**Task:** Repeat exactly the lines below from the line that contains "Another type of" to the last line, inclusive, without the pictures.

**The data:**
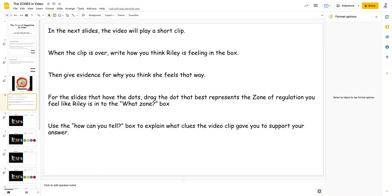In the next slides, the video will play a short clip. When the clip is over, write how you think Riley is feeling in the box. Then give evidence for why you think she feels that way.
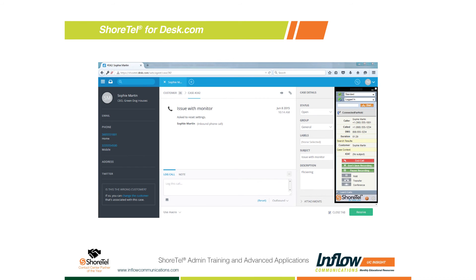These are pretty inexpensive, cost-effective applications. So if a critical part of your business is using Zendesk, Salesforce, or Dynamics, I would definitely encourage you to explore this because it's just another way for you to leverage the investment in your Shortel investment.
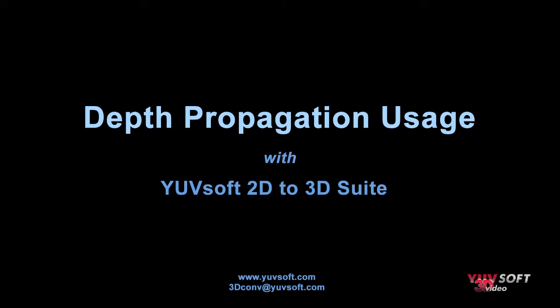This is Steve Wright for YUVsoft with a tutorial on the usage of depth propagation. Depth propagation is part of the 2D to 3D suite and is a powerful tool for minimizing the amount of manual rotoscoping required for stereo conversion.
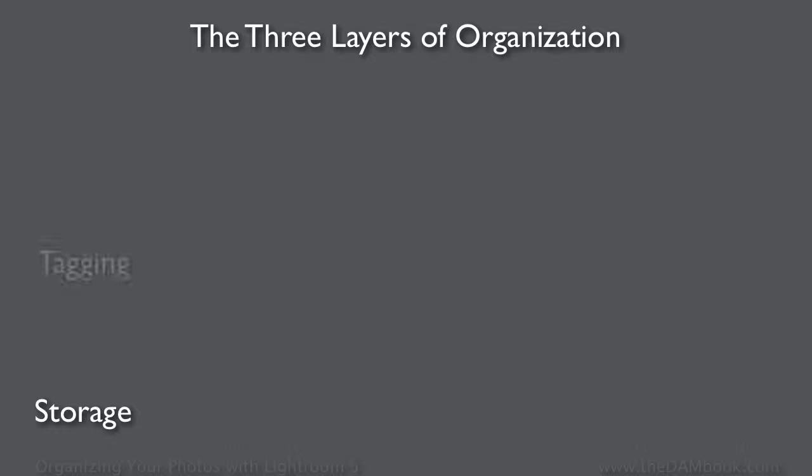These three layers are the storage layer, the tagging layer, and the projects layer.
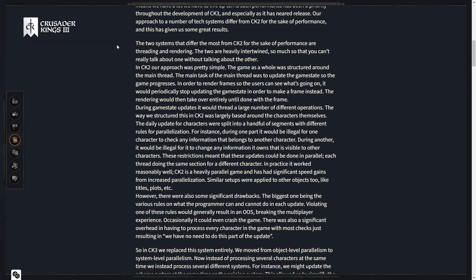During game state updates it would thread a large number of different operations. The way we structured this in CK2 was largely based around the characters themselves. The daily update for characters were split into a handful of segments with different rules for parallelization. For instance, during one part it would be illegal for one character to check any information that belongs to another character.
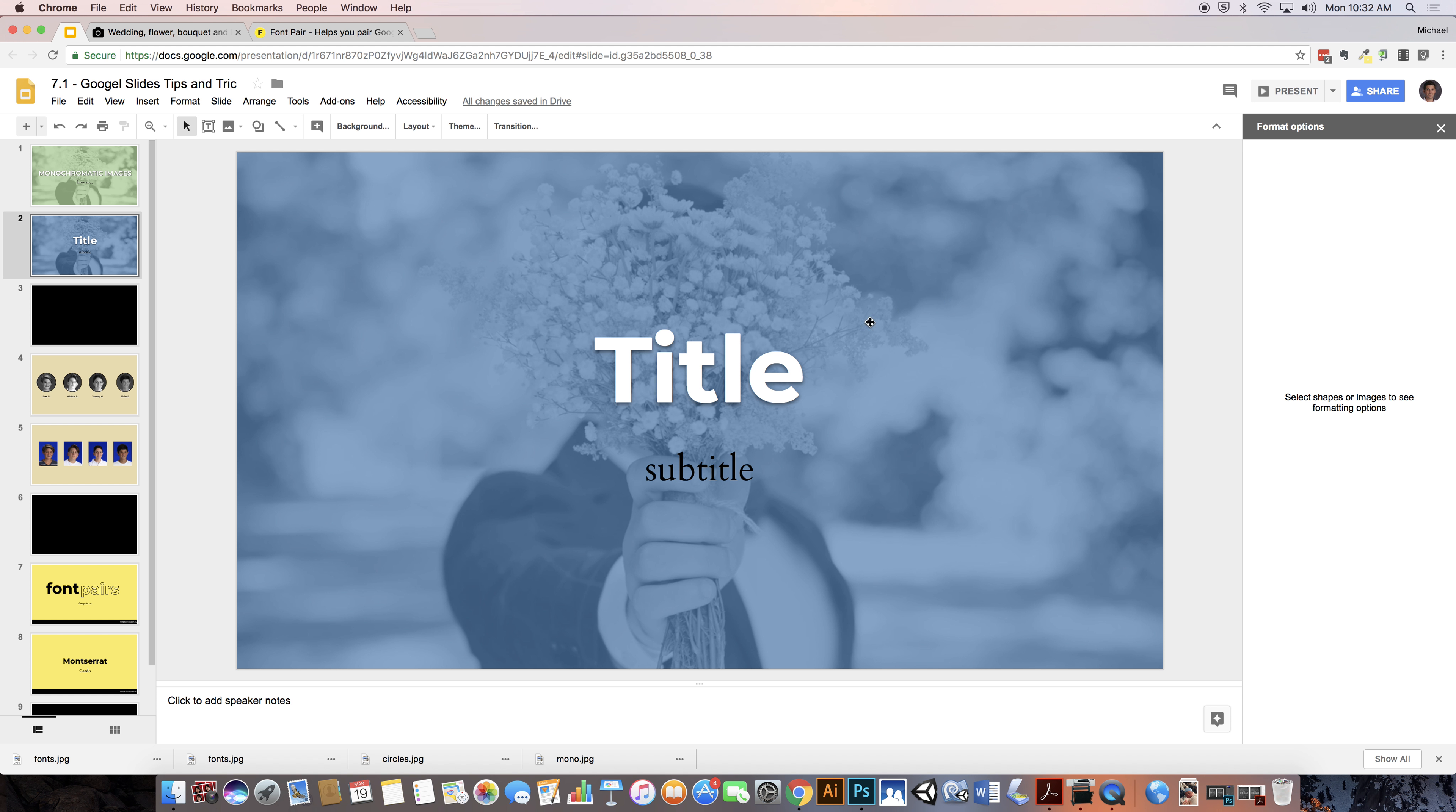All right that's how you do a monochromatic slide where you want to sort of have the theme of the picture enhance the presentation but not overpower what you're looking at. You may or may not have text on it.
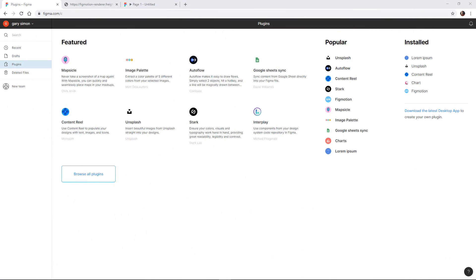Today we're going to be checking out the brand new plugins that have been integrated into Figma.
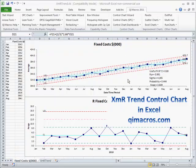Another type of control chart you won't find anywhere else, except in the QI macros and some statistics books, is a trend control chart. What this does is, anytime you have something like fixed costs — which are always increasing because of inflation or whatever — it's very difficult to draw a standard control chart of that.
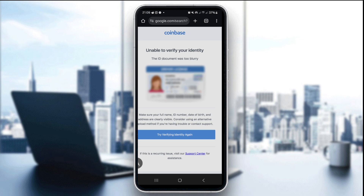The third step is to match your details exactly. Ensure your name and date of birth on the ID match your Coinbase profile perfectly. The fourth thing you're going to do is update your Coinbase app, as older app versions may cause upload issues.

**Result of the task:**
Another type of control chart you won't find anywhere else, except in the QI macros and some statistics books, is a trend control chart. What this does is, anytime you have something like fixed costs — which are always increasing because of inflation or whatever — it's very difficult to draw a standard control chart of that.
The third step is to match your details exactly. Ensure your name and date of birth on the ID match your Coinbase profile perfectly. The fourth thing you're going to do is update your Coinbase app, as older app versions may cause upload issues.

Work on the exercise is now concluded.